GitHub - JuliusBrussee/caveman: 🪨 why use many token when few token do trick — Claude Code skill that cuts 65% of tokens by talking like caveman

🪨 why use many token when few token do trick — Claude Code skill that cuts 65% of tokens by talking like caveman - JuliusBrussee/caveman

GitHub

Oh boy. Someone didn't get the memo that for LLMs, tokens are units of thinking. I.e. whatever feat of computation needs to happen to produce results you seek, it needs to fit in the tokens the LLM produces. Being a finite system, there's only so much computation the LLM internal structure can do per token, so the more you force the model to be concise, the more difficult the task becomes for it - worst case, you can guarantee not to get a good answer because it requires more computation than possible with the tokens produced.

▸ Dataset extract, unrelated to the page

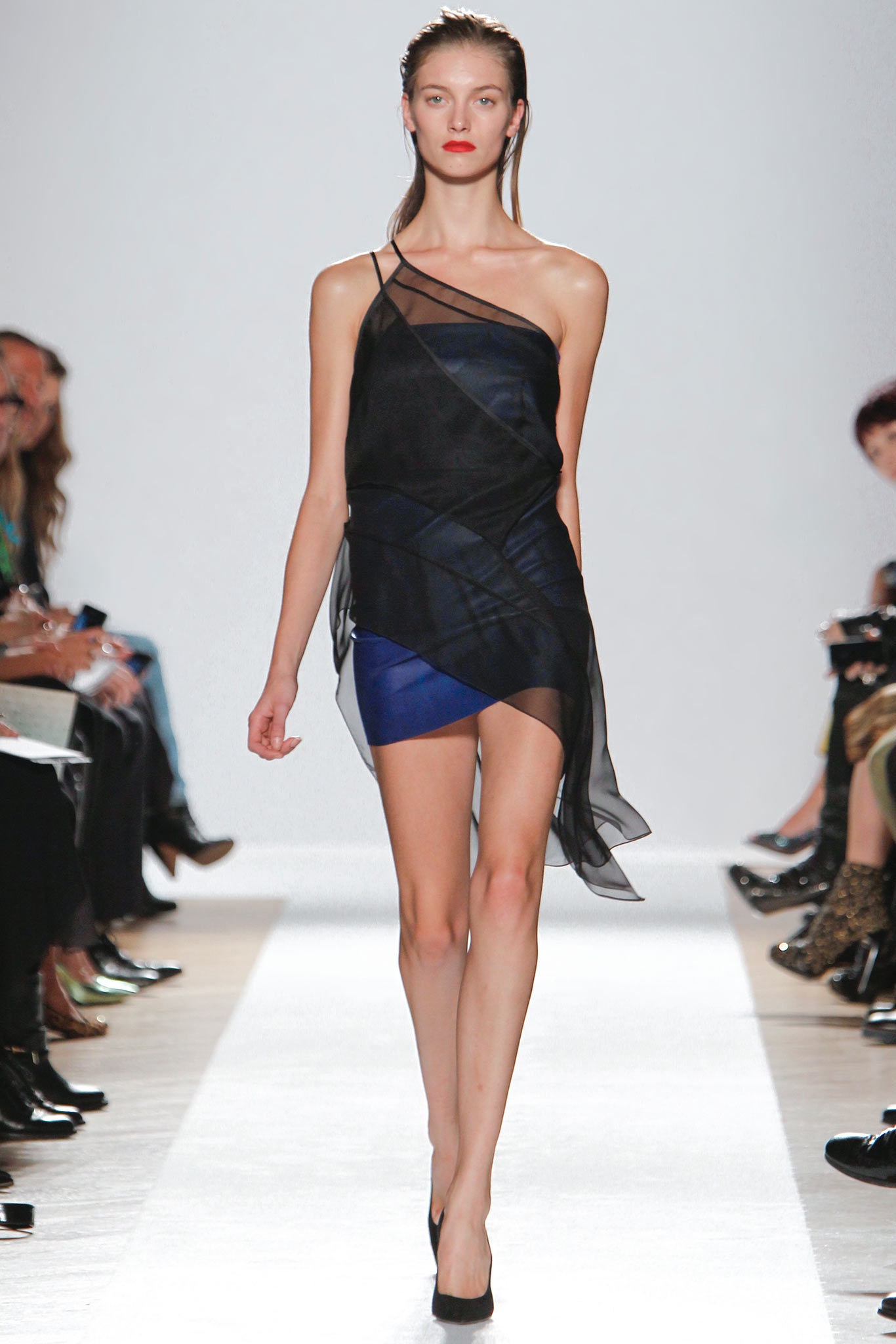black and blue asymmetric dress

I.e. by demanding the model to be concise, you're literally making it dumber.

(Separating out "chain of thought" into "thinking mode" and removing user control over it definitely helped with this problem.)

That was my first thought too -- instead of talk like a caveman you could turn off reasoning, with probably better results.

Additionally, LLMs do not actually operate in text; much of the thinking happens in a much higher dimensional space that just happens to be decoded as text.

So unless the LLM was trained otherwise, making it talk like a caveman is more than just theoretically turning it into a caveman.

> much of the thinking happens in a much higher dimensional space that just happens to be decoded as text.

What do you mean by that? It’s literally text prediction, isn’t it?